Anayasa Mahkemesi’nin 1994’te Yaptığı Laiklik Yorumu ile İlgili Değerlendirmemiz

Altınoluk Dergisi, Doç.Dr. Abdulaziz Bayındır, 1994 – Ağustos, Sayı: 102, Sayfa: 005

Kur’an-ı kerim, din kurallarının yerine aklı ve bilim koymayı reddettiği gibi devletin dini denetlemesini de reddeder.

İslâm; toplumun hukuk, ekonomi, siyaset, ahlak ve sair bütün yönlerini düzenlemiş bir dindir.

Anayasa Mahkemesi’nin başörtüsü hakkında verdiği Temmuz 1989 tarihli kararın gerekçesinde laikliğe ilişkin ifadeler ilginç anlamlar taşımaktadır.

Gerekçede, “Dinler, doğaları gereği laik değildir” deniyor. Demek ki, Anayasa Mahkemesi din ile laikliğin bağdaşamayacağı kanaatindedir. Laiklik ayrı bir din olmadığına göre “din dışılık” olarak takdim edilmektedir. Bu durumda “Laiklik dinsizliktir” ifadesi aynı anlamın başka bir kalıpta söylenmesi olmaktadır.

Madem dinler laik değildir, o zaman dindarlar da böyle bir laikliği kabul edemezler.

Gerekçede yer alan “Din ve mezhep bağının yerini Türk ulusçuluğu bağı almıştır” şeklindeki ifade bu gerekçeyi yazan kısmın inancı olabilir. Başörtüsü İslâm’ın emri olduğuna göre onunla ilgili bir kararın gerekçesinde bahsi geçen din de İslâm dinidir.

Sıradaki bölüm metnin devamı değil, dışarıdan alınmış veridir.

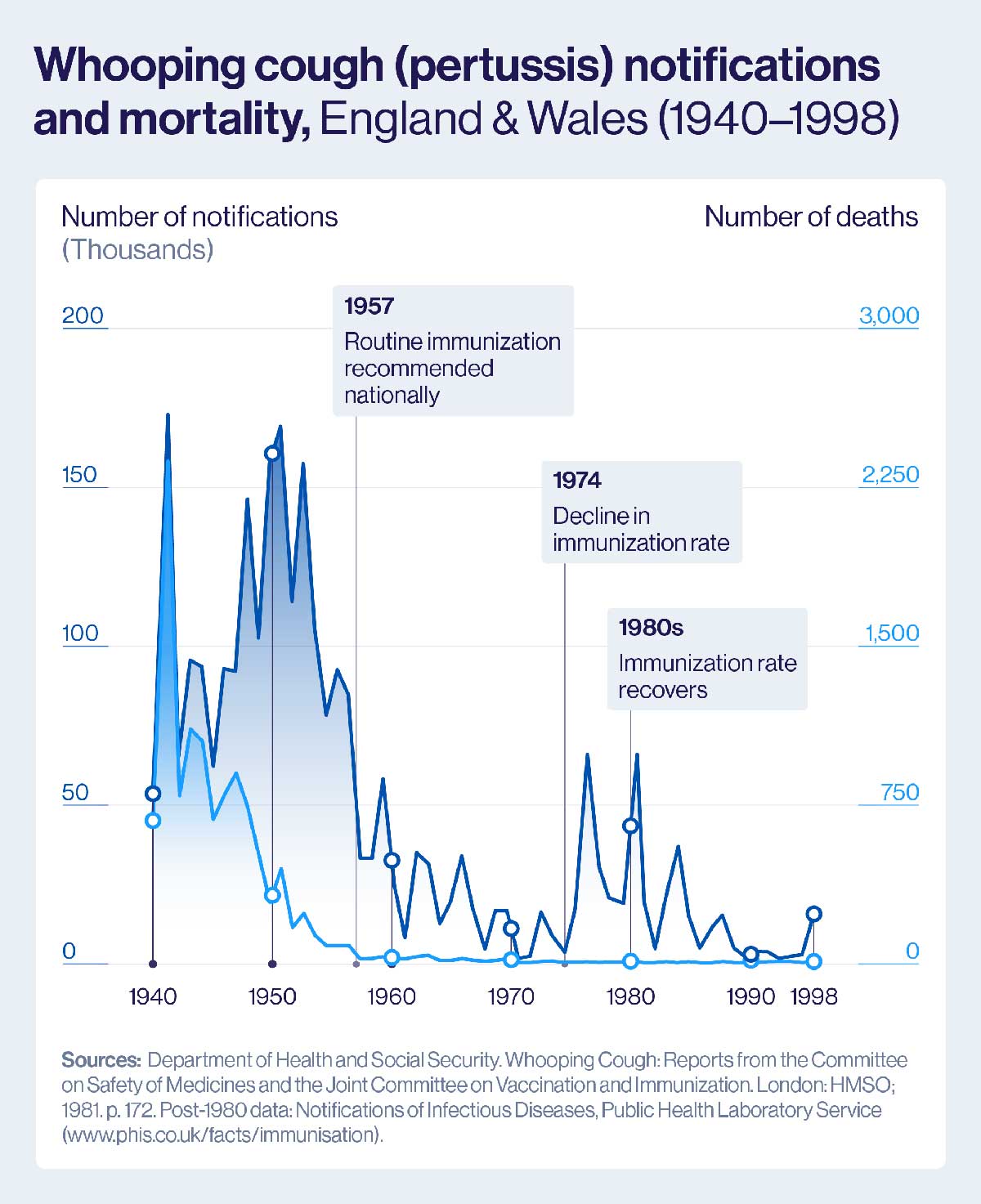 Whooping cough (pertussis) notifications and mortality, England & Wales (1940-1998)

Her yıl yapılan binlerce cami, kılınan namazlar, verilen sadaka ve zekatlar, yüz binlerce vatandaşımızın hacca gitmesi “Türk ulusçuluğu” namına değil, İslâm dini namınadır.

Şu ifadeler de bu gerekçeyi kabul edenlerin inancını ortaya koymaktadır.

“Gelişmek ve ilerlemek için durağan din kurallarına değil, insanlığa ayak uydurmak, akla ve bilime öncülük tanımak gerekir.”

“Devlete dinsel konularda denetim ve gözetim hakkı tanınması din ve vicdan özgürlüğünün gereklerine aykırı bir sınırlama sayılamaz .”

Bu ifadeler yalnızca onu kabul eden kişileri bağlar. Bir Müslüman her konuda din kurallarının öncülüğünü kesin olarak kabul eder. Çünkü İslâm demek, Kur’an’ın koyduğu kuralları kayıtsız şartsız kabul etmek demektir. Onlardan bir tanesini bile uygun ve yerinde görmemek insanı müslümanlıktan çıkarır.

Kur’an-ı kerim, din kurallarının yerine aklı ve bilim koymayı reddettiği gibi devletin dini denetlemesini de reddeder. Bunu belirten çok sayıda ayet vardır. Bu ayetlerden biri de Nisa Süresi’nin 59. ayetidir. Burada Allah Teâlâ şöyle buyuruyor.

“Ey inananlar, Allah’a boyun eğin, Resûl’e ve sizden olan yetkililere boyun eğin. Eğer herhangi bir şeyde anlaşmazlığa düşerseniz. Onu Allah’a ve Resûlüne götürün. Allah’a ve Resûlü’ne gerçekten inanıyorsanız böyle yaparsınız. Bu sizin için daha hayırlıdır ve sonucu daha güzel olur.”

İslâm dini, toplumun hukuk, ekonomi, siyaset, ahlak ve sair bütün yönlerini düzenlemiştir. Müslüman olmak isteyen kişi, yukarıdaki ayet gereği bunu böyle kabul etmek zorundadır.

Hiç kimse inancını değiştirmeye zorlanamaz. Çünkü kalpten kabul edilmeyen, sadece görüntüde olan bir müslümanlık münafıklıktır. İslâmiyet münafıklığı reddettiği için inançlara baskı yapmaz. İsteyen inanır, isteyen inanmaz.

Kehf Sûresi’nin 29. ayetinde şöyle buyurulmaktadır:

“De ki, bu Kur’an Rabbiniz’dendir. Artık dileyen inansın, dileyen inkar etsin. Biz zalimlere öyle bir ateş hazırlamışızdır ki, duvarları onları saracaktır. Feryad edip yardım isterlerse erimiş maden gibi yüzleri haşlayan bir su ile yardımlarına gidilecektir. O, ne kötü bir içecektir ve bu ne kötü bir birlikteliktir.”